A good estimator of the true NPS is the sample NPS. The sample NPS also has an expectation. It can be considered to be the average of all the possible sample NPS's. This expectation happens to equal the true NPS. The standard error of the sample NPS is a measure of how much the sample NPS's typically vary between one random sample and another. Fortunately, we do not have to compute all possible samples to find the SE: it can be found more simply by computing the standard deviation of the tickets in the hat and dividing by $\sqrt{n}$. (A small adjustment can be made when the sample is an appreciable proportion of the population, but that's not likely to be needed here.)

For example, consider a population of $p_1=1/2$ promoters, $p_0=1/3$ passives, and $p_{-1}=1/6$ detractors. The true NPS is

$$\mbox{NPS} = 1\times 1/2 + 0\times 1/3 + -1\times 1/6 = 1/3.$$

The variance is therefore

$$\eqalign{ \mbox{Var(NPS)} &= (1-\mbox{NPS})^2\times p_1 + (0-\mbox{NPS})^2\times p_0 + (-1-\mbox{NPS})^2\times p_{-1}\\ &=(1-1/3)^2\times 1/2 + (0-1/3)^2\times 1/3 + (-1-1/3)^2\times 1/6 \\ &= 5/9. }$$

The standard deviation is the square root of this, about equal to $0.75.$

In a sample of, say, $324$, you would therefore expect to observe an NPS around $1/3 = 33$% with a standard error of $0.75/\sqrt{324}=$ about $4.1$%.

You don't, in fact, know the standard deviation of the tickets in the hat, so you estimate it by using the standard deviation of your sample instead. When divided by the square root of the sample size, it estimates the standard error of the NPS: this estimate is the margin of error (MoE).

Provided you observe substantial numbers of each type of customer (typically, about 5 or more of each will do), the distribution of the sample NPS will be close to Normal. This implies you can interpret the MoE in the usual ways. In particular, about 2/3 of the time the sample NPS will lie within one MoE of the true NPS and about 19/20 of the time (95%) the sample NPS will lie within two MoEs of the true NPS. In the example, if the margin of error really were 4.1%, we would have 95% confidence that the survey result (the sample NPS) is within 8.2% of the population NPS.

Each survey will have its own margin of error. To compare two such results you need to account for the possibility of error in each. When survey sizes are about the same, the standard error of their difference can be found by a Pythagorean theorem: take the square root of the sum of their squares. For instance, if one year the MoE is 4.1% and another year the MoE is 3.5%, then roughly figure a margin of error around $\sqrt{3.5^2+4.1^2}$ = 5.4% for the difference in those two results. In this case, you can conclude with 95% confidence that the population NPS changed from one survey to the next provided the difference in the two survey results is 10.8% or greater.

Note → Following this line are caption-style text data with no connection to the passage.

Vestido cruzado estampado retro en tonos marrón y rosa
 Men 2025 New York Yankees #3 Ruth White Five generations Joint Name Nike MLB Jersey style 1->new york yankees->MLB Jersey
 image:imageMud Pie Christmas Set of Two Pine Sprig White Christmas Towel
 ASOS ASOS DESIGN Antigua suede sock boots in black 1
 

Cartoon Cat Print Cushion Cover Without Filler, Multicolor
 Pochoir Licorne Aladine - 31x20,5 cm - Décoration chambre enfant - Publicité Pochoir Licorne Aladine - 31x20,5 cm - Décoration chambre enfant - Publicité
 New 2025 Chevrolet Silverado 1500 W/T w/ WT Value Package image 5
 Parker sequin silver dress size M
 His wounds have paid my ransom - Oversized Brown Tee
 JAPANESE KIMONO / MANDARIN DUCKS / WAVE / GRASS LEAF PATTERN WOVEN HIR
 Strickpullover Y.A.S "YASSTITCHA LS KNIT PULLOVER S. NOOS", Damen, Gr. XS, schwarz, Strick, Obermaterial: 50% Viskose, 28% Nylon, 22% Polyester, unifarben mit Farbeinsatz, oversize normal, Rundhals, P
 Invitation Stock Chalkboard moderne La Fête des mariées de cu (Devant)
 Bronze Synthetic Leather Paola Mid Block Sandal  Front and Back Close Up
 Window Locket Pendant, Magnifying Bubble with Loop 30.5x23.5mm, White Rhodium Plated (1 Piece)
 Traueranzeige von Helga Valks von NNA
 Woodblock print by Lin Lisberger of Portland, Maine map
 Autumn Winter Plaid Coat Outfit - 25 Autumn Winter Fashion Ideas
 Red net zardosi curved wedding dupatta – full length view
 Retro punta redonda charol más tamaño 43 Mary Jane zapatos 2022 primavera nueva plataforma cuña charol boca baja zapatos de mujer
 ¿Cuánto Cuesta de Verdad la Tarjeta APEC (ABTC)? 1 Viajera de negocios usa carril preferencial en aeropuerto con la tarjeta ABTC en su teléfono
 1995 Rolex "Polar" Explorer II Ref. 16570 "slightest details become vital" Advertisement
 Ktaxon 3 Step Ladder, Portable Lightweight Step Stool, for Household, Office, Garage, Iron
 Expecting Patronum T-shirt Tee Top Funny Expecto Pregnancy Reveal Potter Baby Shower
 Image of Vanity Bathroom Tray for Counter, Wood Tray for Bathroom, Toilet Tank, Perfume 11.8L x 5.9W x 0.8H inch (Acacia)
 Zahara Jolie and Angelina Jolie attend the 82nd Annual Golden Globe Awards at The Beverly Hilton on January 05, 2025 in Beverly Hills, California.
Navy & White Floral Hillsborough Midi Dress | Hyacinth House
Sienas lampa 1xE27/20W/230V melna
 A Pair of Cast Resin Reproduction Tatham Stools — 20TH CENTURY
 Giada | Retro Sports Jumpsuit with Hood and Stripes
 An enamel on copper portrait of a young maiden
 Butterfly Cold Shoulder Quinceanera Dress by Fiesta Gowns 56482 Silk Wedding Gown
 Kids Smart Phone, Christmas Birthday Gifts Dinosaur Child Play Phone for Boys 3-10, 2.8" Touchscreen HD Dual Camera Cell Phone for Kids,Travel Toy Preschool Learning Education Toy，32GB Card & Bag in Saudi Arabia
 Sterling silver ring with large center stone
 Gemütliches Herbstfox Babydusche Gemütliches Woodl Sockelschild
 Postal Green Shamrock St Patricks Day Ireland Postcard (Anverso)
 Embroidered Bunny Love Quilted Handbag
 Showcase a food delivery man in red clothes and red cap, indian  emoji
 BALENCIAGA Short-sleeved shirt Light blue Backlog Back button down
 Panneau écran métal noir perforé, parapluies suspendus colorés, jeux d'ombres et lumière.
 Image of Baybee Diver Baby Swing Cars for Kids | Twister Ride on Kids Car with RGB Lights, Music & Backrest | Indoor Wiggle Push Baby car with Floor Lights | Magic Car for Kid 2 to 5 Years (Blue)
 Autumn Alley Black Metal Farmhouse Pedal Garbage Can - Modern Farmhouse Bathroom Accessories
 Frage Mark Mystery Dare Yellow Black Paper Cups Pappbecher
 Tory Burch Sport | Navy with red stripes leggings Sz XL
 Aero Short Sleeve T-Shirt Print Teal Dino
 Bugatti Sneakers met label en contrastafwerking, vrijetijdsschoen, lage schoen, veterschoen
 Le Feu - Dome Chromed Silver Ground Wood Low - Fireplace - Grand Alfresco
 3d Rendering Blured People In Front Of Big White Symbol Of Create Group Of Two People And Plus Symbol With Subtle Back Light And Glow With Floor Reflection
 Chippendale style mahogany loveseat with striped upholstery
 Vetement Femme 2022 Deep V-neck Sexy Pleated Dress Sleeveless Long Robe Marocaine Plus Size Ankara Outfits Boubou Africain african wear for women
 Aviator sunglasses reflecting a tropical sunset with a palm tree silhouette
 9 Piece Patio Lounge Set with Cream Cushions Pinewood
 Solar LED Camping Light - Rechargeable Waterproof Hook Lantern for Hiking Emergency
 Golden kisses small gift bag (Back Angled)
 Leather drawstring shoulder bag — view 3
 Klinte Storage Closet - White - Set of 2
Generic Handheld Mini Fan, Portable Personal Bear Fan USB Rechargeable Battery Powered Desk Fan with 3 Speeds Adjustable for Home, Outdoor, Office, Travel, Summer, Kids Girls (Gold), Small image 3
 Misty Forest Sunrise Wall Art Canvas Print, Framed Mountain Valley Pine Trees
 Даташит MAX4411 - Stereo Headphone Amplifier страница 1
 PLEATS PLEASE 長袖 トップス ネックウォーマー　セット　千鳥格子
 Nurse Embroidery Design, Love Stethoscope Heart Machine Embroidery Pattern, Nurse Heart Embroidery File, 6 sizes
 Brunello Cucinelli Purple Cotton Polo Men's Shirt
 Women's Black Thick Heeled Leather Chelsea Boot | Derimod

When comparing many survey results over time, more sophisticated methods can help, because you have to cope with many separate margins of error. When the margins of error are all pretty similar, a crude rule of thumb is to consider a change of three or more MoEs as "significant." In this example, if the MoEs hover around 4%, then a change of around 12% or larger over a period of several surveys ought to get your attention and smaller changes could validly be dismissed as survey error. Regardless, the analysis and rules of thumb provided here usually provide a good start when thinking about what the differences among the surveys might mean.

Note that you cannot compute the margin of error from the observed NPS alone: it depends on the observed numbers of each of the three types of respondents. For example, if almost everybody is a "passive," the survey NPS will be near $0$ with a tiny margin of error. If the population is polarized equally between promoters and detractors, the survey NPS will still be near $0$ but will have the largest possible margin of error (equal to $1/\sqrt{n}$ in a sample of $n$ people).